Вскоре стало очевидно, что этим леди придется его вычеркнуть из списка: молодой человек сосредоточил все свое внимание на девушке без матери – Бланш Вернон.
Он провел достаточно времени в Вернон Парке, чтобы хорошо познакомиться с достоинствами своей кузины. Мальчиком он полюбил ее, юношей стал ею восхищаться.
Ему никогда не приходило в голову, что что-то может встать между ним и его надеждами, вернее желаниями. Зачем ему говорить о надеждах, если весь опыт жизни научил его, что всякое его желание исполняется?
Он хотел Бланш Вернон; и не сомневался, что получит ее. Он даже не думал о том, что нужно приложить какие-то усилия, чтобы получить ее. Он знал, что его отец, лорд Скадамор, благожелательно смотрит на этот союз; и что столь же благожелательно настроен и ее отец. Ниоткуда не ждал он препятствий и поджидал только, пока молодая возлюбленная будет готова стать его женой. Тогда он сделает ей предложение, и оно будет принято.
Он не думал о своей собственной молодости. Считал, что в восемнадцать лет он уже мучнина.
До сих пор его не тревожили возможные соперники. Конечно, и другие представители jeunesse dore (Золотая молодежь, фр. – Прим. перев.) заглядывались на прекрасную Бланш Вернон и говорили о ней.
Но Фрэнк Скадамор, уверенный в своем неотъемлемом праве, не боялся соперничества; и один за другим молодые люди, как тающий свет, исчезали с его пути.
Но вот на этот путь упала черная тень в лице человека, достаточно старого, как презрительно заметил Фрэнк, чтобы быть отцом Бланш Вернон! Конечно, дед – это преувеличение.
Этим человеком был Мейнард.
Бывая в Вернон Парке, Скадамор слышал много похвал незнакомцу – слишком много, чтобы Мейнард ему понравился, особенно потому, что похвалы исходили с уст его прелестной кузины. Впервые он встретился с Мейнардом на охоте, и неприязнь его стала осознанной, если не взаимной.
Это была наиболее сильная неприязнь – неприязнь, вызванная ревностью.
Она проявлялась на охотничьем сборе, при стрельбе по фазанам, на площадке для стрельбы из луков, в доме – короче, повсюду.
Как уже известно, Фрэнк пошел вслед за кузиной по лесной тропе. Он следил за каждым ее движением, когда она шла в сопровождении этого чужака, – и сердился на себя за то, что так неразумно ее оставил. Он не слышал их разговора, но видел достаточно, чтобы понять, что это не простая любезность. Всю остальную часть дня он страдал от ревности, и весь следующий день – день ее рождения – тоже; ревновал за обедом, глядя, как она тщетно пытается пробиться взглядом сквозь вазу с цветами; бешено ревновал во время танцев – особенно во время лансье, который она танцевала с человеком, "достаточно старым, чтобы быть ее отцом".

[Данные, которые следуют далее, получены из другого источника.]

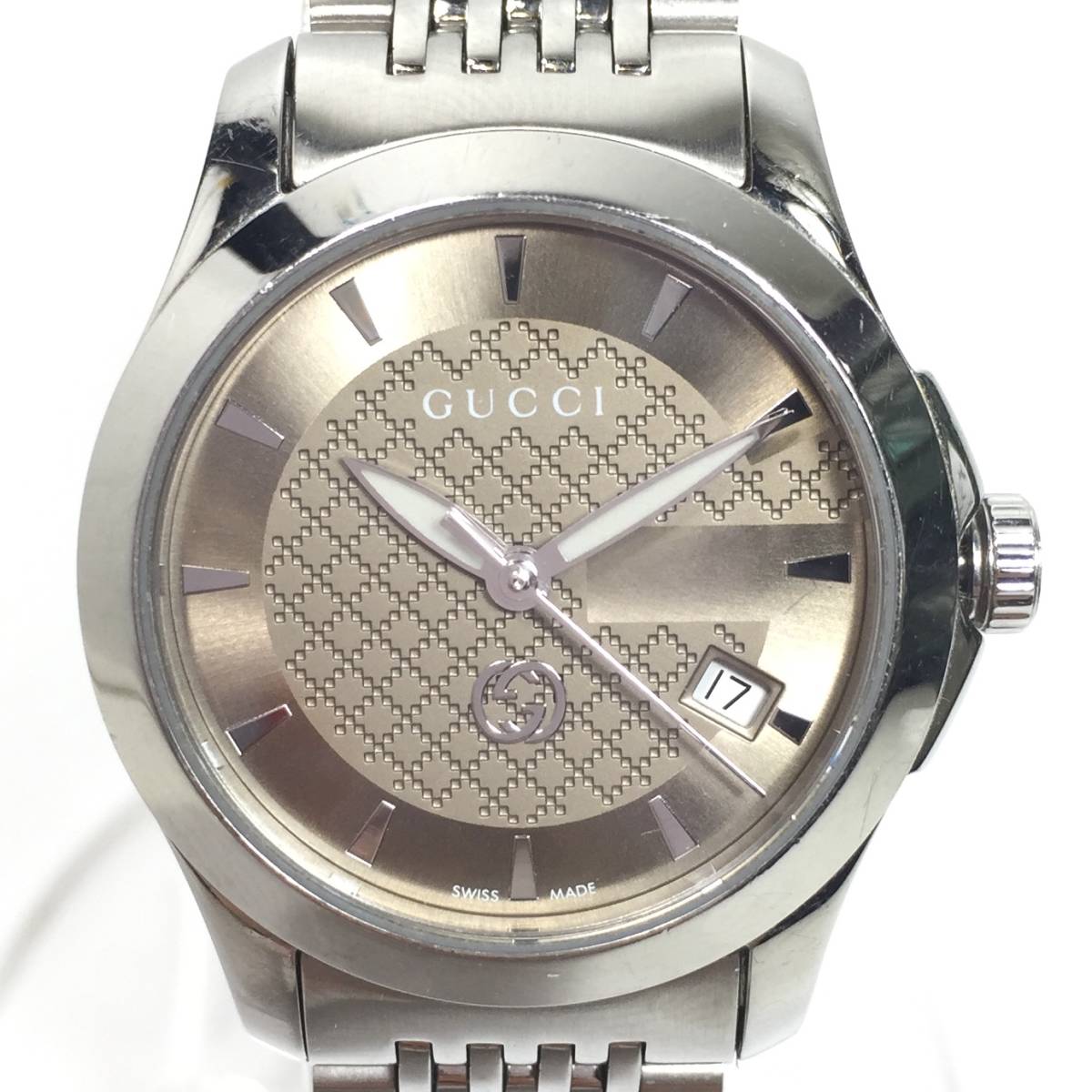 未使用品!】GUCCI レディース 腕時計 YA1265007 ブラウン-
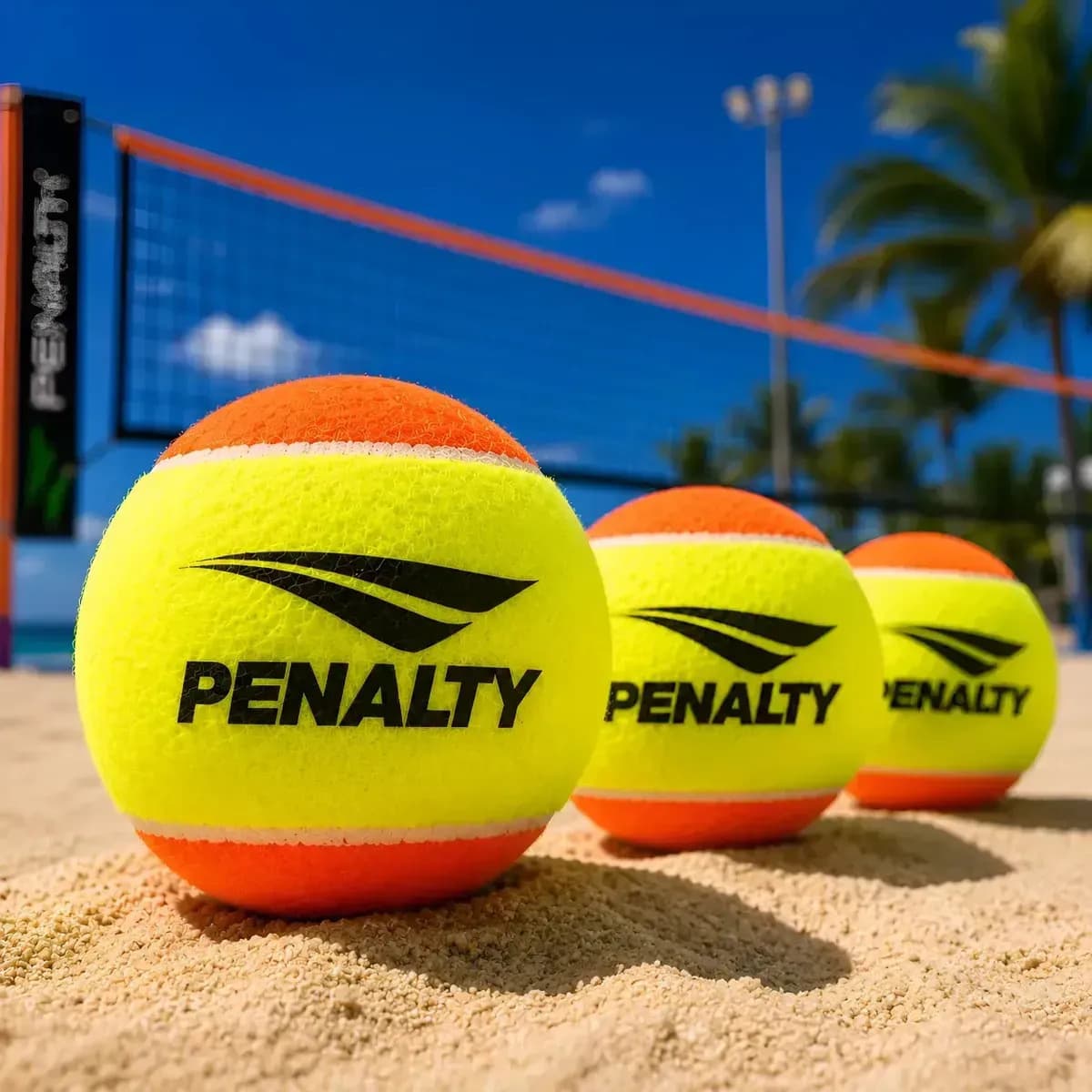 Kit 3 Bolas De Beach Tennis - Penalty Bolinhas Stage 2 Areia — imagem 2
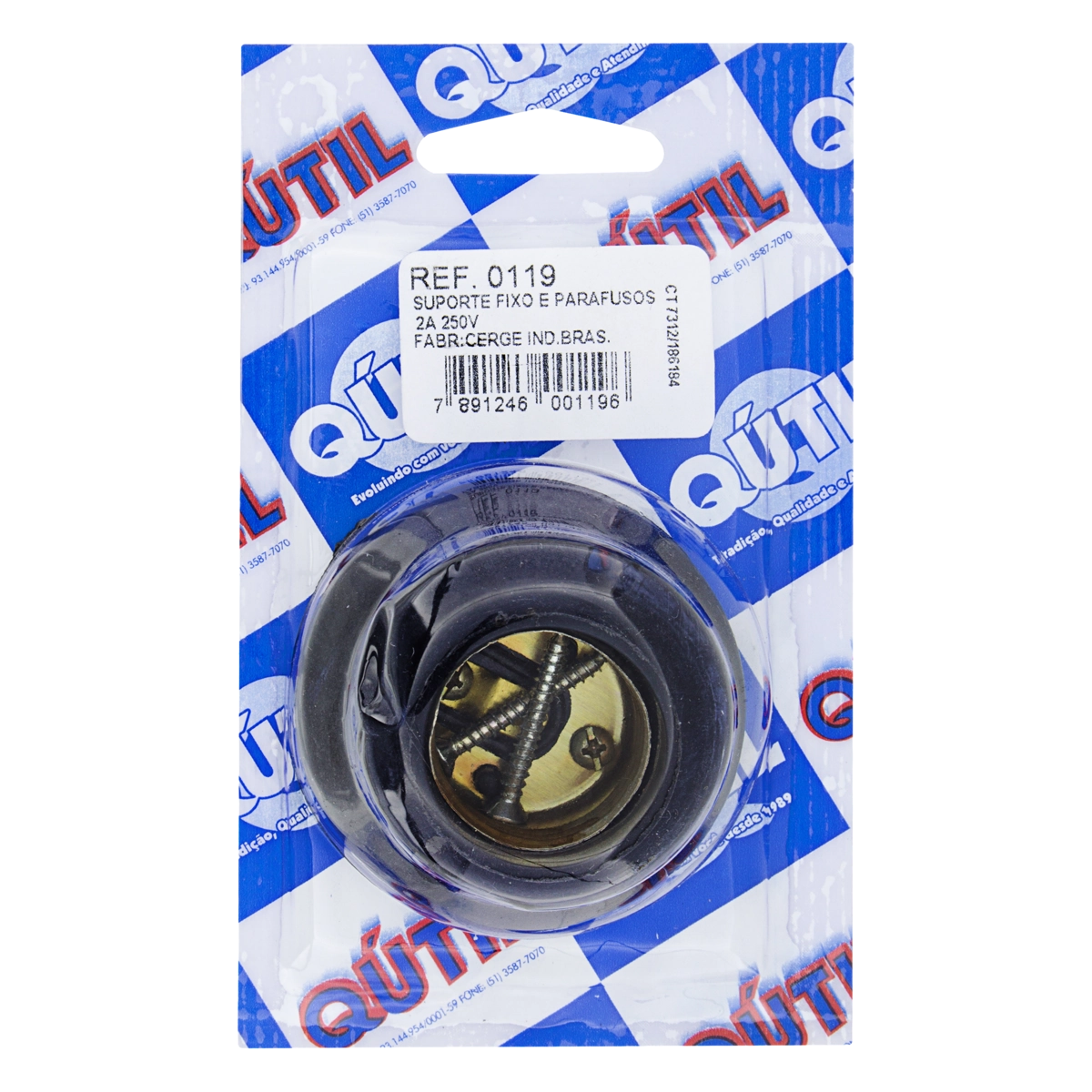 Suporte Fixo E Parafusos 2a Qútil 250v
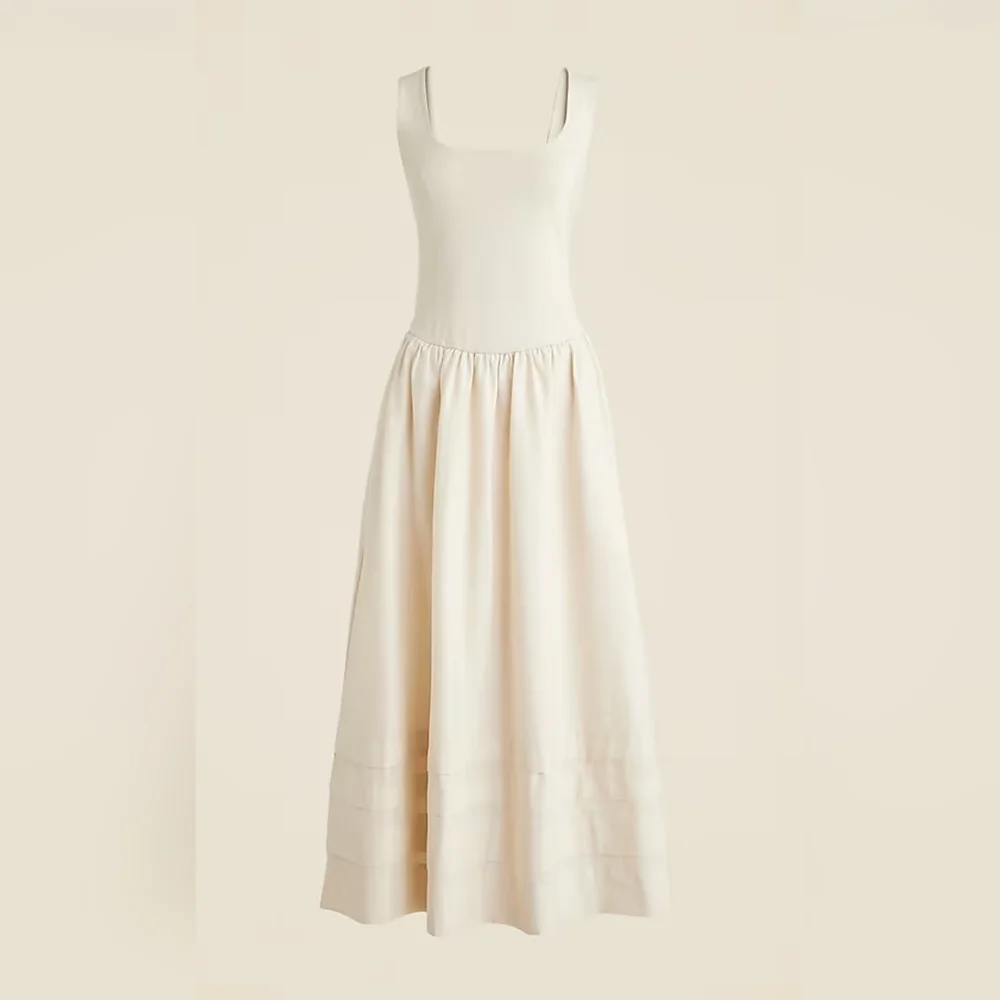 J. Crew Women's Tall drop-waist mixy dress #196 - Picture 3 of 10
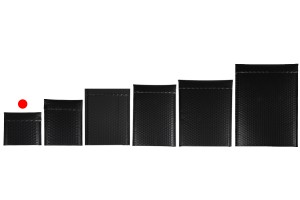 Enveloppes à bulles d'air aux dimensions 13 x 13 cm en couleur noir mat - 10 pcs-εικόνα_σύνθεση
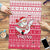 Poland Christmas Puzzle with Santa Riding Stork White Eagle Emblem and Red Snowflake Knit Pattern Design - Wonder Print Shop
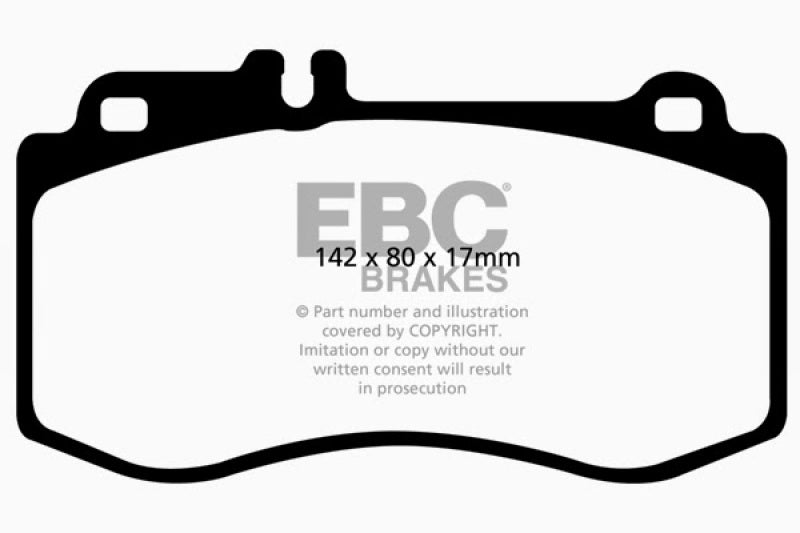 EBC 10+ Mercedes-Benz E350 3.5 AMG Sport Package Redstuff Front Brake Pads - DP31857C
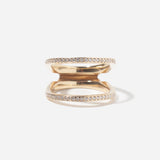 White Diamond Acute Enclose Ring
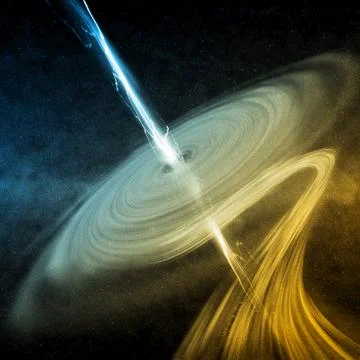 Black hole in space Stock Illustration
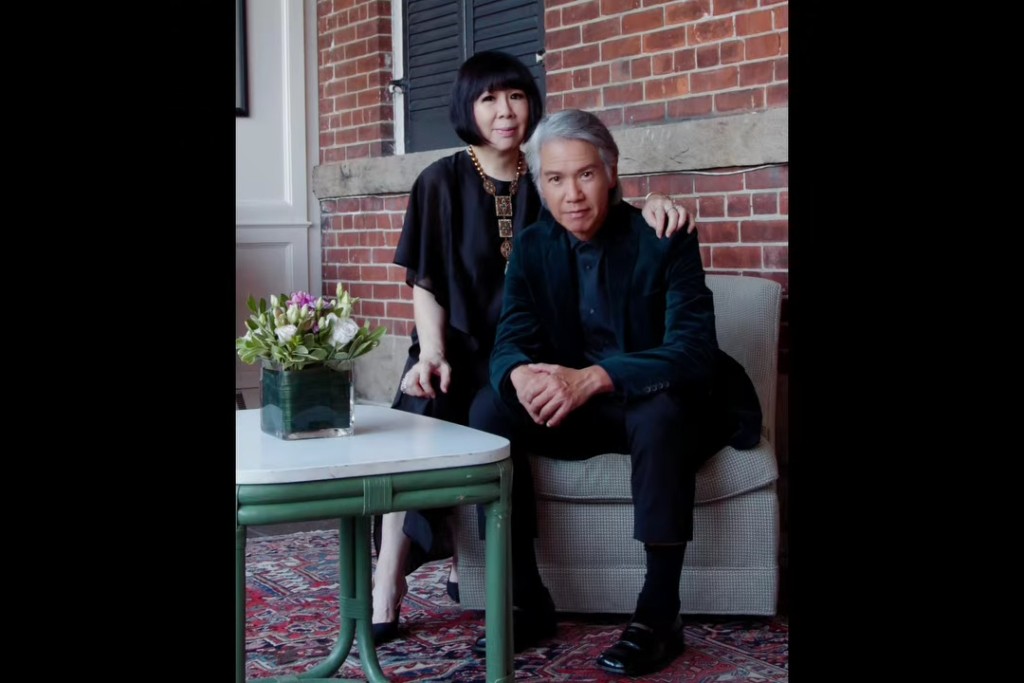 林嘉華夫婦的這張照片，由兒子林政峰親自拍攝。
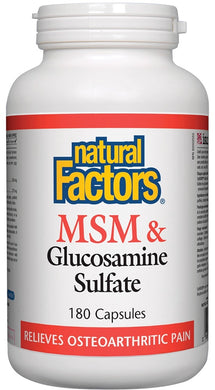 NATURAL FACTORS MSM & GLS (180 caps)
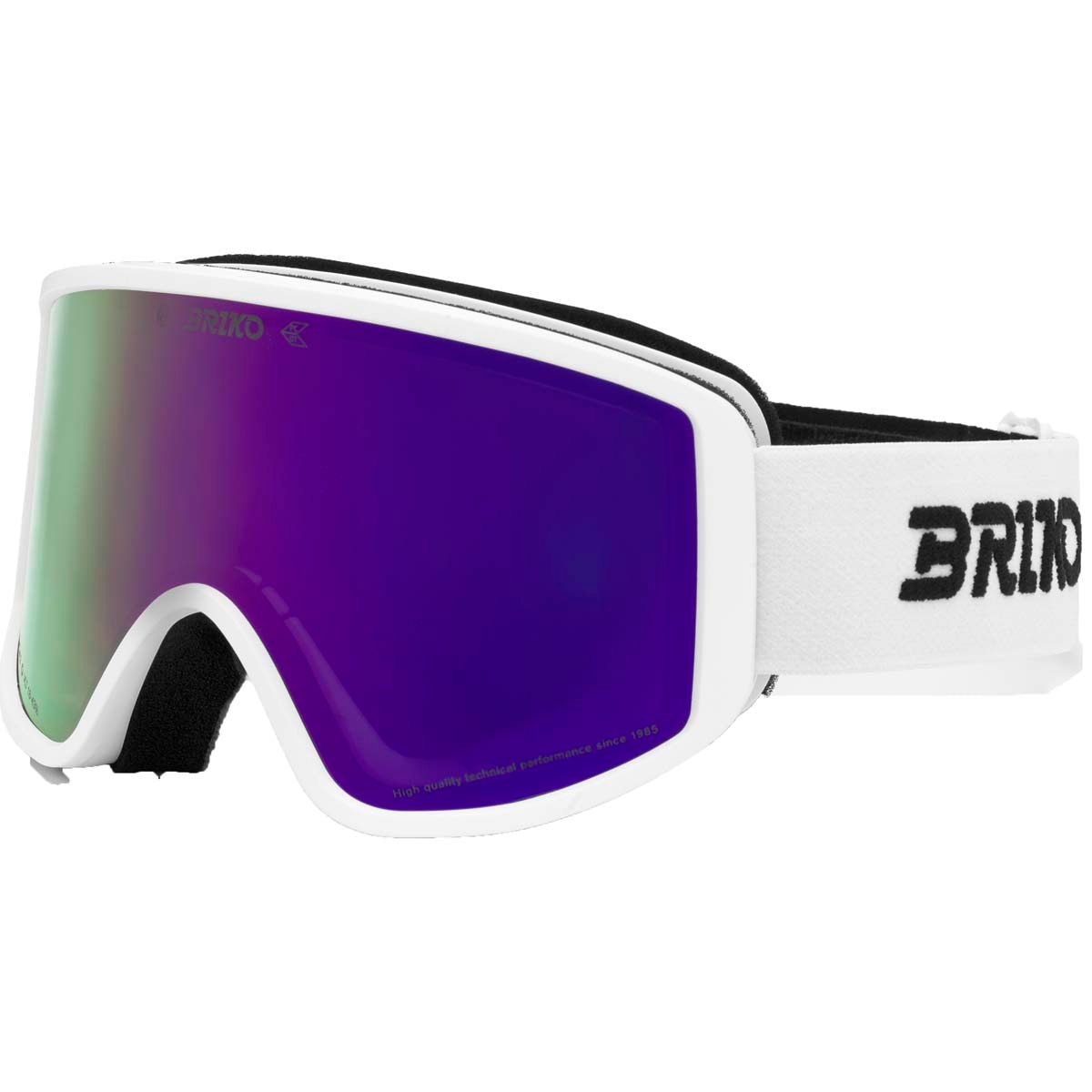 Imagen 0 de Máscara de esquí unisex Pulse Briko Blanco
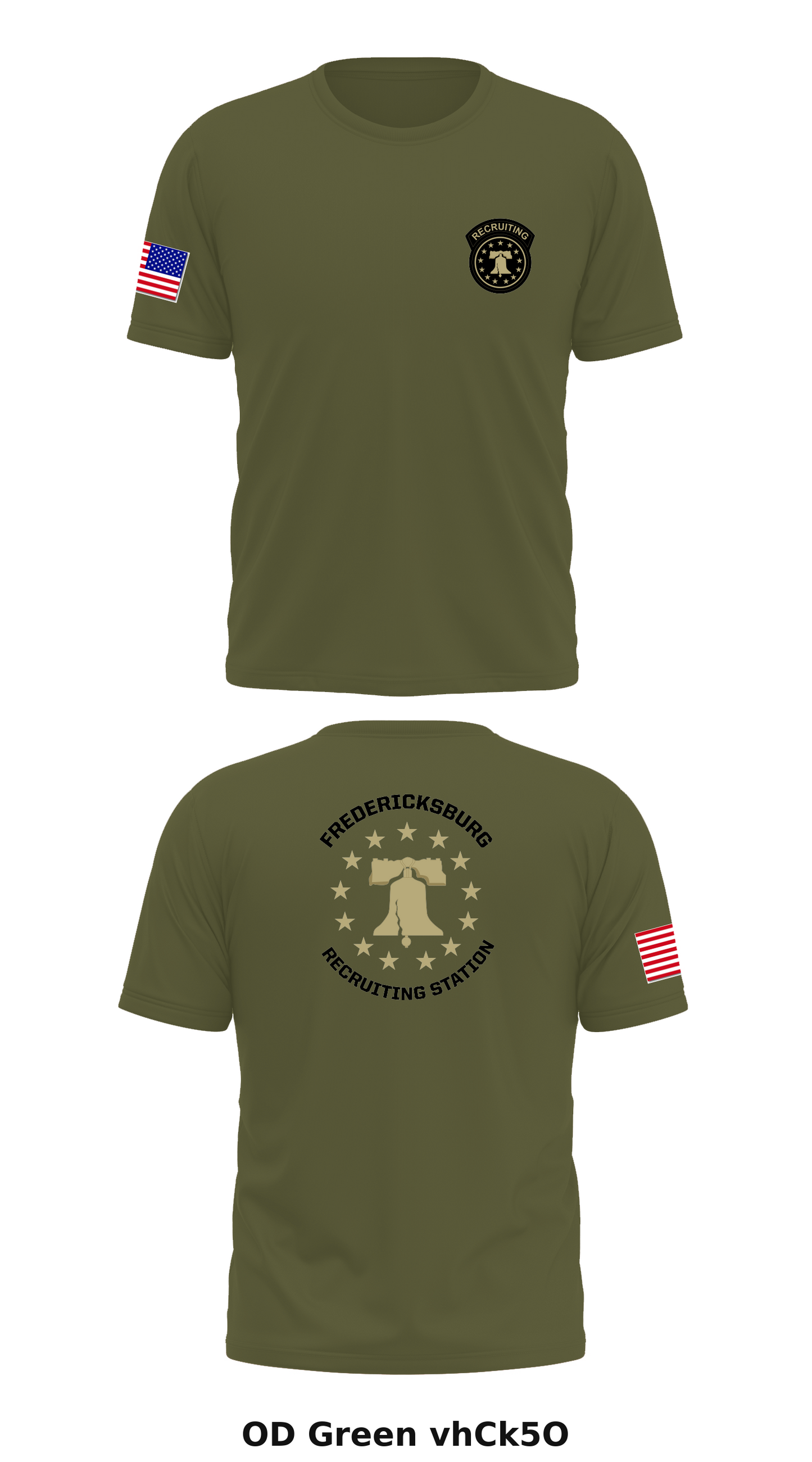 Fredericksburg Recruiting station Store 1 Core Men's SS Performance Tee - vhCk5O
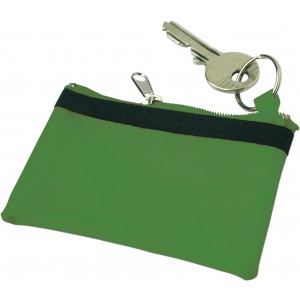 Nylon (70D) key wallet Sheridan, green (Wallets)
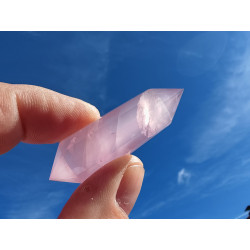 Rosenquarz 12 Facetten Vogel Cut Phi Kristall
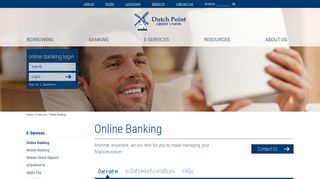 CT Credit Union Online Banking | eStatements | Dutch Point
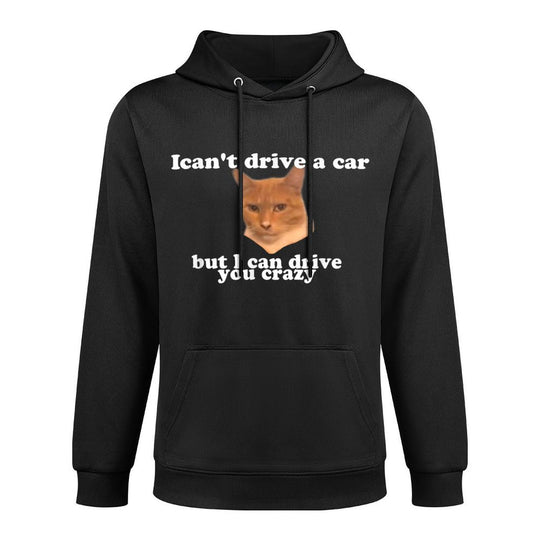 Funny Cat Meme Medium-Weight Fabric Hoodie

Несмотря на благородную кровь в своих жилах, Скадамор не гнушался того, чтобы держаться к ним поближе и подслушивать!
И кое-что из слов, которыми они обменялись, он слышал.
В отчаянии он решил обо всем рассказать дяде.
Назавтра после дня рождения дочери сэр Джордж не сопровождал своих гостей на охоте. Он извинился, сказав, что дипломатические обязанности заставляют его поработать в библиотеке. Он говорил правду: так оно и было.
Дочь его тоже осталась дома. Как и ожидалось, пришел новый роман – неразрезанный экземпляр, прямо из рук переплетчика.
Бланш сразу схватила книгу; весело попрощавшись со всеми, она убежала к себе в комнату, чтобы провести там весь день!
Мейнард с радостью увидел это, уходя вместе с охотниками. Скадамор, оставшийся дома, тоже видел это – но с горькой ревностью.
Каждый думал о том, какой эффект вызовет книга.
Была уже середина дня; дипломат-баронет работал в библиотеке, готовя ответ на послание из Форейн Оффис, когда ему помешали. Пришел племянник.
Уверенный, что когда-нибудь он станет зятем сэра Джорджа, молодой Скадамор не стал извиняться за свое вторжение.
– В чем дело, Фрэнк? – спросил дипломат, откладывая послание.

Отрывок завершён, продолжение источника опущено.